Visual Media Studies course exposes students to social art

When most people think about classic examples of art, Leonardo Da Vinci’s "Mona Lisa" poised on a wall in the Louvre or Michelangelo’s "David" standing proudly in Florence probably come to mind. What most people might not consider is the artistic merit and beauty that can be expressed through some of the daily activities and cultural and social movements in our everyday lives. 

This semester, Pedro Lasch, associate research professor of art, art history and visual studies, offers a class entitled “Social Art Practice and Socially Engaged Humanities,” which he hopes will encourage students to use art to actively interact with our society's cultural and political practices.

Lasch has developed a passion for creating contemporary and interdisciplinary art with a social message. This latest course combines aspects from the more traditional art classes he has taught, like drawing and painting, with his advanced art seminars. He wants students to realize that art does not necessarily need to take the form of an object like a painting or a drawing to comment on the world.

“In this class, we want to ask ourselves… why can’t art be something that people engage with or perceive?” Lasch said. “If an artist does something that changes the way in which people relate to each other, you may still use an object to help produce that, but why can't we call that shift and new form of perception or social relations the artwork in itself?”

The structure of the course poses these questions through a fusion of flipped instruction and in-class activities. The course lectures and readings will be primarily online using course materials from a Massive Open Online Course (MOOC) that Lasch created in collaboration with the art institution Creative Time.

The MOOC includes video lectures conducted by Lasch and 29 guest lecturers that will complement the in-class discussions and student projects.
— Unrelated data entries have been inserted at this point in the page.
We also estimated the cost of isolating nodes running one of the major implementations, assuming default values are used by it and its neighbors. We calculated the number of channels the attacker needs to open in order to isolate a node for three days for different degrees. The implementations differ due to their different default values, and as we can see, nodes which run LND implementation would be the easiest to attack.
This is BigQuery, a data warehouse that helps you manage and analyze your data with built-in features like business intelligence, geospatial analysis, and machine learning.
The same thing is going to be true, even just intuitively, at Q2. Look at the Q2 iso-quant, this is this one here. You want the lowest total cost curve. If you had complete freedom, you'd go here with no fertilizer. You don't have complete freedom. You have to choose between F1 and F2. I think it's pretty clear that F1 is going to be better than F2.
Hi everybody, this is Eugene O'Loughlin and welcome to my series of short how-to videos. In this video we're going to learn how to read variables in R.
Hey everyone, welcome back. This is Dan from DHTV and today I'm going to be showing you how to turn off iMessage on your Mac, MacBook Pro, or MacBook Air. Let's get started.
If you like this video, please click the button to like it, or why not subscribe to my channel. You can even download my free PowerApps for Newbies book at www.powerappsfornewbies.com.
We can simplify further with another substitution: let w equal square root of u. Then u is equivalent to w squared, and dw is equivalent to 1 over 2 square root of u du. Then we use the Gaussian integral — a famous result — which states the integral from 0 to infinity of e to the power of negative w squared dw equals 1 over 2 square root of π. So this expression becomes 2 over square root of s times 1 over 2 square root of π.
Lasch has planned activities that allow students to use the theories the will learn through the lecture and apply it to art created during class time.
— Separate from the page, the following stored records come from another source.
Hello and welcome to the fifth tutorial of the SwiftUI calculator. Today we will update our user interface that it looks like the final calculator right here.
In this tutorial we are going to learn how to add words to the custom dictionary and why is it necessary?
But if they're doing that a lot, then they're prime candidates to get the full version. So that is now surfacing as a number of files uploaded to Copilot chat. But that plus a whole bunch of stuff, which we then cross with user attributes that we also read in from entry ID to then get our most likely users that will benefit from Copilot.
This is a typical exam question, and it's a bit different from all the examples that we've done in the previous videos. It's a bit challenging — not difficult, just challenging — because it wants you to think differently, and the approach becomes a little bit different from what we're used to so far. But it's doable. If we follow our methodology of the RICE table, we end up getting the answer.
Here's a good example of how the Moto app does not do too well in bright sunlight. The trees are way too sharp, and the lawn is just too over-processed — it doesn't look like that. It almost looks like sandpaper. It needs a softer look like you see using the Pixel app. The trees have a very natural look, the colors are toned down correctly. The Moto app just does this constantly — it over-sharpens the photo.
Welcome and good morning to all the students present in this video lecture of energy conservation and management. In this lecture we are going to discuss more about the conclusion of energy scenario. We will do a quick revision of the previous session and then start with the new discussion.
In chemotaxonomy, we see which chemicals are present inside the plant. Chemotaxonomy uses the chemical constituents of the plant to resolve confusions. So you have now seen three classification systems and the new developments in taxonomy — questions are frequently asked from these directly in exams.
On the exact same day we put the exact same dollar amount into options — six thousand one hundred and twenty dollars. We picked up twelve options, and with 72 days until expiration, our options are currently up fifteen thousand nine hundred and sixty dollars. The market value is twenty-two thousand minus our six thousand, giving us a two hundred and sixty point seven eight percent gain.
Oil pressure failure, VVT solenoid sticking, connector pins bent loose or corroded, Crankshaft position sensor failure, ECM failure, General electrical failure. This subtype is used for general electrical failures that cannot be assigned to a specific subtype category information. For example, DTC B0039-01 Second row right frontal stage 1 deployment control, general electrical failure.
 “Students will be actively engaging with the social message by doing them, not just by reading about them," Lasch said. 

Attracting a wide range of students from various disciplines in the arts, humanities and academic research will allow the course to be a hub for artistic collaboration, Lasch hopes. He said he finds that creative and collaborative spaces are crucial for fostering a community that exchanges ideas from different perspectives and creates art reflecting relevant cultural and political sentiments. 
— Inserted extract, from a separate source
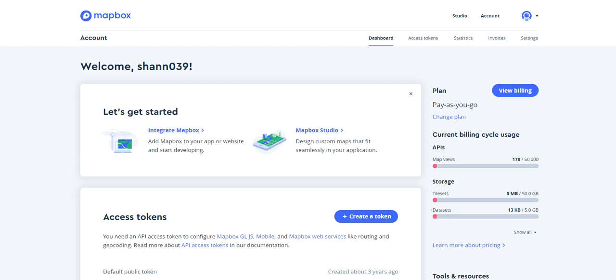So I'm just going to walk through how you get this set up. This assumes that you've already set up a Mapbox account and are logged in. You can see I'm on my accounts page right here.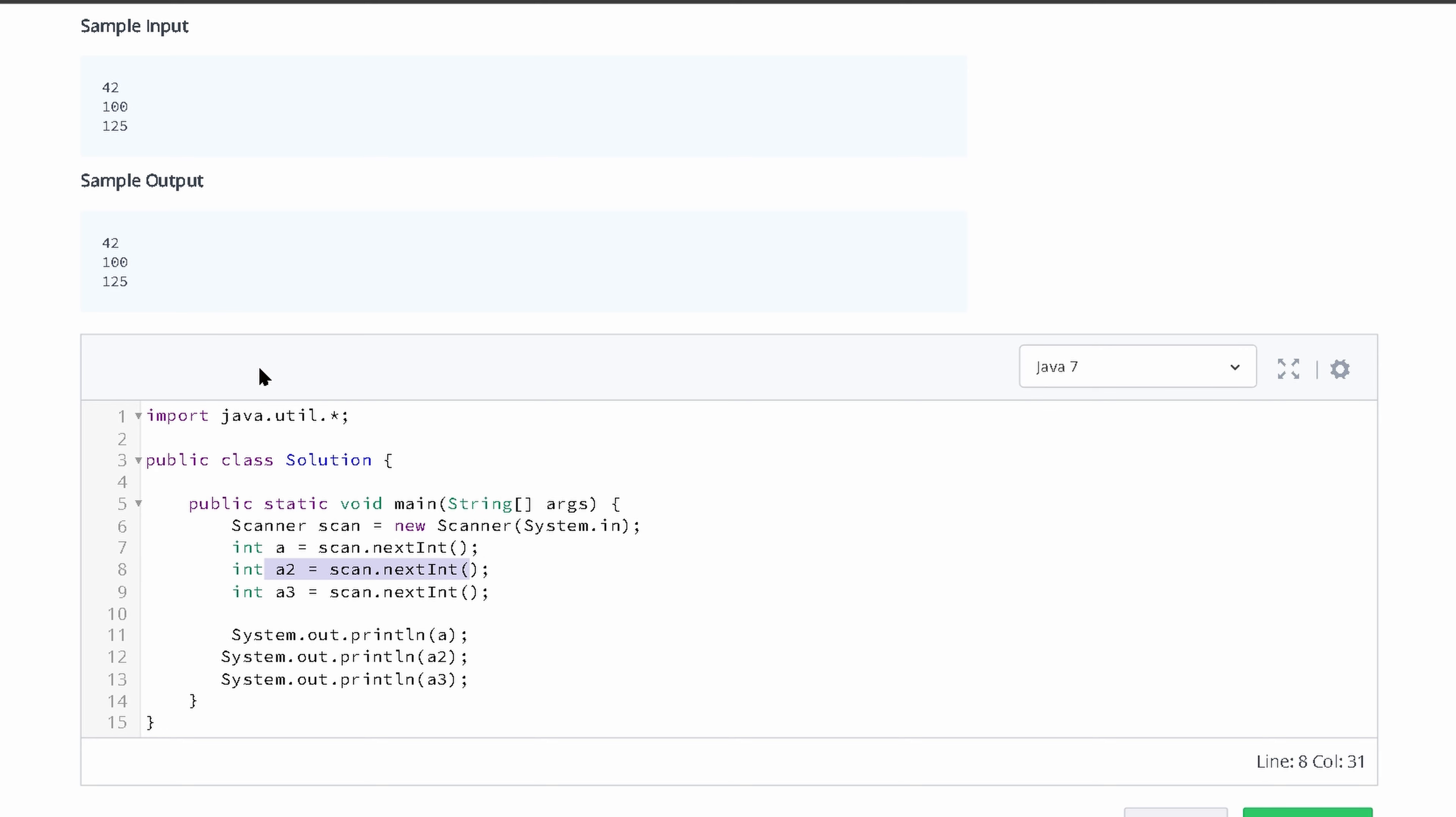We have 42, 100, and then 125 stored in a, a2, and a3, respectively. Then we have our print statements where we're going to print a, a2, and a3.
“Say you're a political science student who cares about border culture…and you have this idea late at night to have some guy fly over the border as a political act," Lasch said. "But if you don't know that somebody already did this actually fifteen years ago you may just think, well that's just a crazy idea.”

At times, the obscure nature of some social art has the potential to be inscrutable—art is not always made to be understood or explicitly stated. 

“Other works can be about being felt, or questioning something, or simply interesting,” Lasch said. “There are other areas of art that try to reach for other areas of human experience--not just rationality."